Densho Digital Archive
Manzanar National Historic Site Collection
Title: Art Okuno Interview
Narrator: Art Okuno
Interviewer: Kirk Peterson
Location: Las Vegas, Nevada
Date: September 1, 2009
Densho ID: denshovh-oart-01-0009

<Begin Segment 9>

KP: So did things change for you, after Pearl Harbor? Did you notice any change? You were still commuting, going to school?

AO: Yeah, well, of course. Yes. I was able to finish my sophomore year. Well, of course, we had rationing and blackouts, but that affected everyone. What changed was when they put up these posters on telephone poles saying that by a certain-certain date everyone in this district have to move out and assemble at the local YMCA on a certain-certain date, with just what you could carry. And that's what happened.

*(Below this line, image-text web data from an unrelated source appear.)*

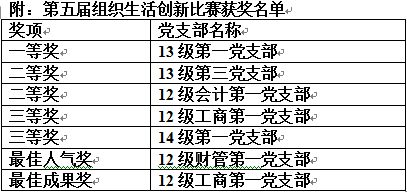 1429579192159028936.jpg C:UsersAdministratorDesktopQQ图片20150421092054.jpg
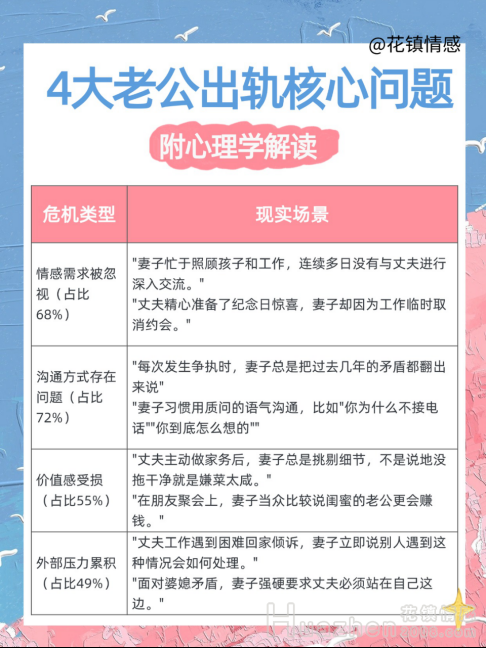 挽回婚姻：老公冷战不沟通怎么挽回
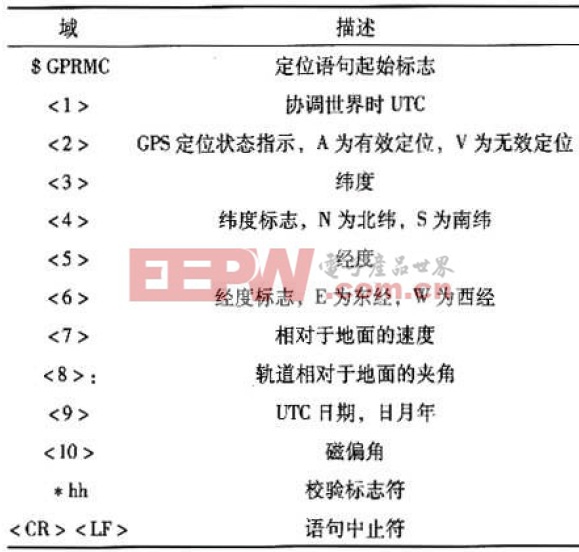 基于ARM的嵌入式車載GPS定位系統(tǒng)設(shè)計(jì)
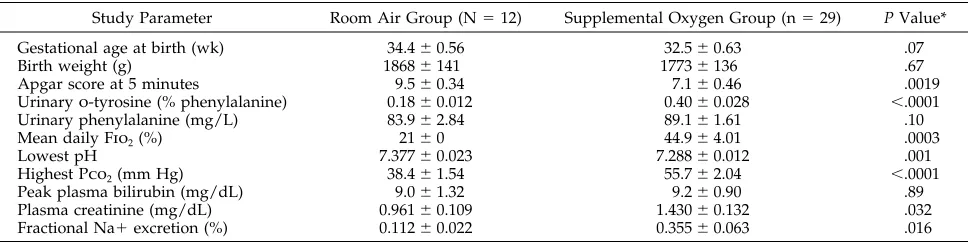 Fig 1. Relationship between mean 24-hour urinary o-tyrosine (ex-pressed as percentage of phenylalanine) and gestational age atbirth in weeks.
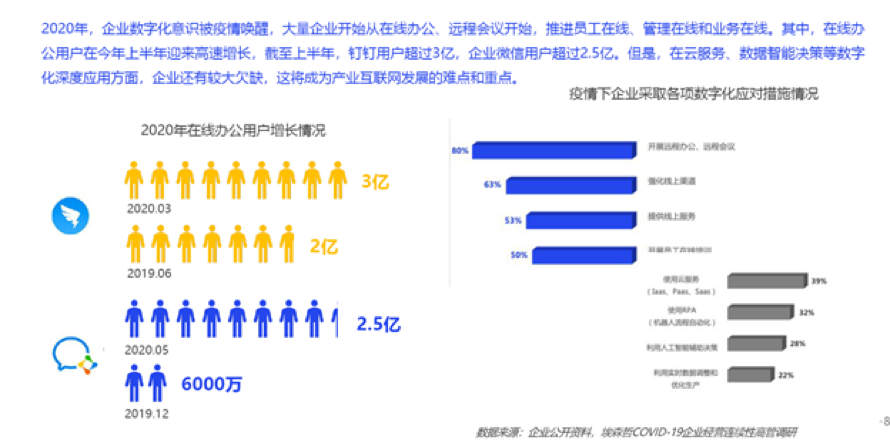 蔡凯龙：云服务是什么？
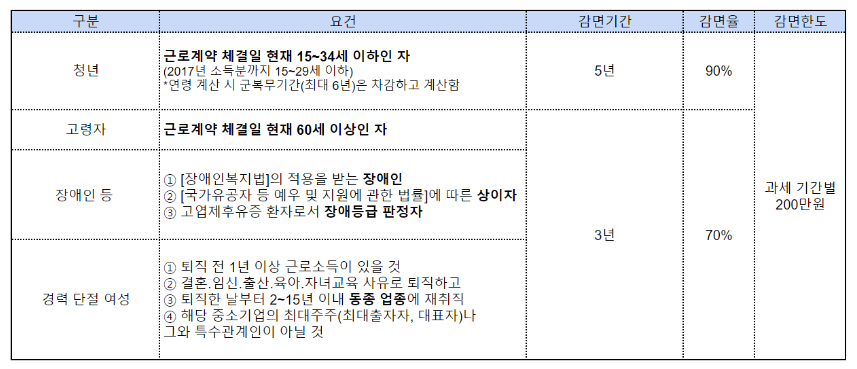 중소기업 소득세 감면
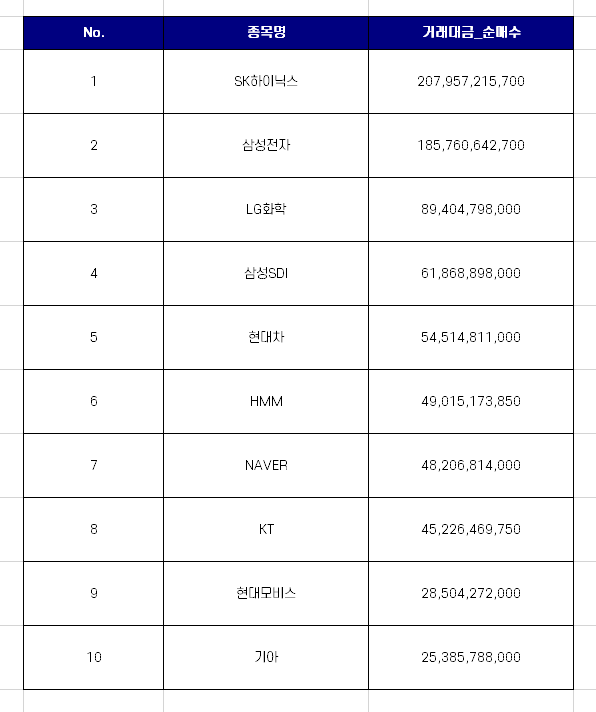  외국인 코스피 순매수 상위 종목 Top10 [7월 셋째주]
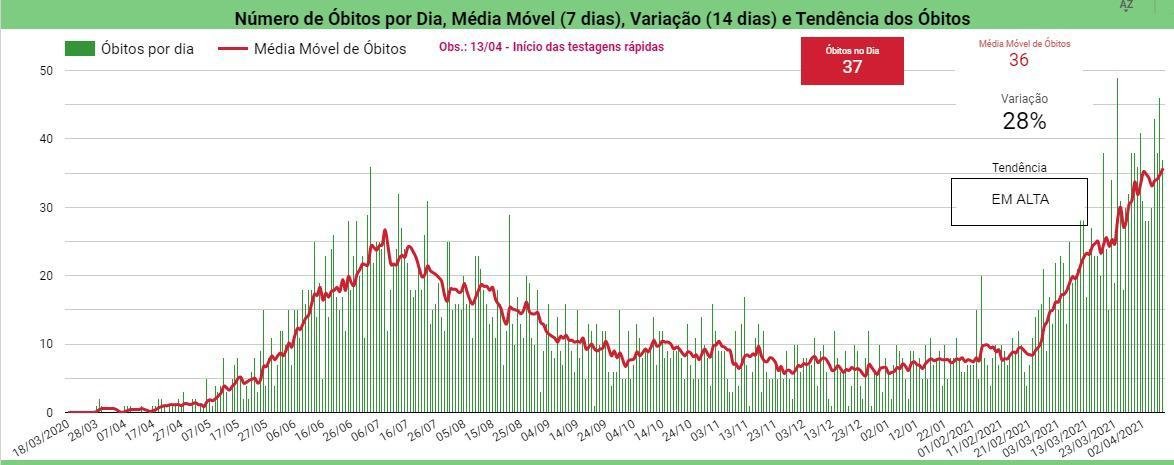 Piauí atinge 37 mortes; Em 24h, 17 municípios registraram óbitos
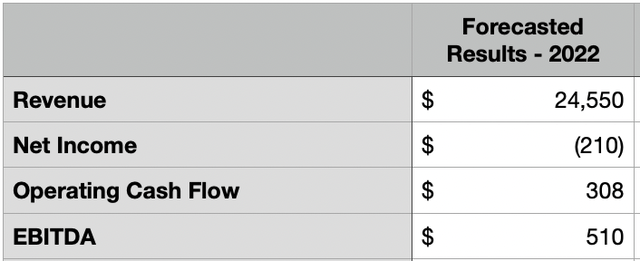 Financial Forecast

KP: Did that come as a surprise to you when you saw those posters, or did you hear rumors about it first?

AO: Yeah, it was a surprise, because there weren't too many instant communications those days. Yeah. And of course, maybe it wasn't, because I was called, I was classified by a draft board as 1-A.

KP: And when was that?

AO: Maybe like three, four months after the war, December 7th. And then in about three months they changed my classification to 4-C, which was an "enemy alien." That, that sort of got to me.

KP: And so were you thinking about military service at that time?

AO: No, no.

KP: I mean, did you think it might be an inevitability now that the U.S. was in the war that you would go into the army?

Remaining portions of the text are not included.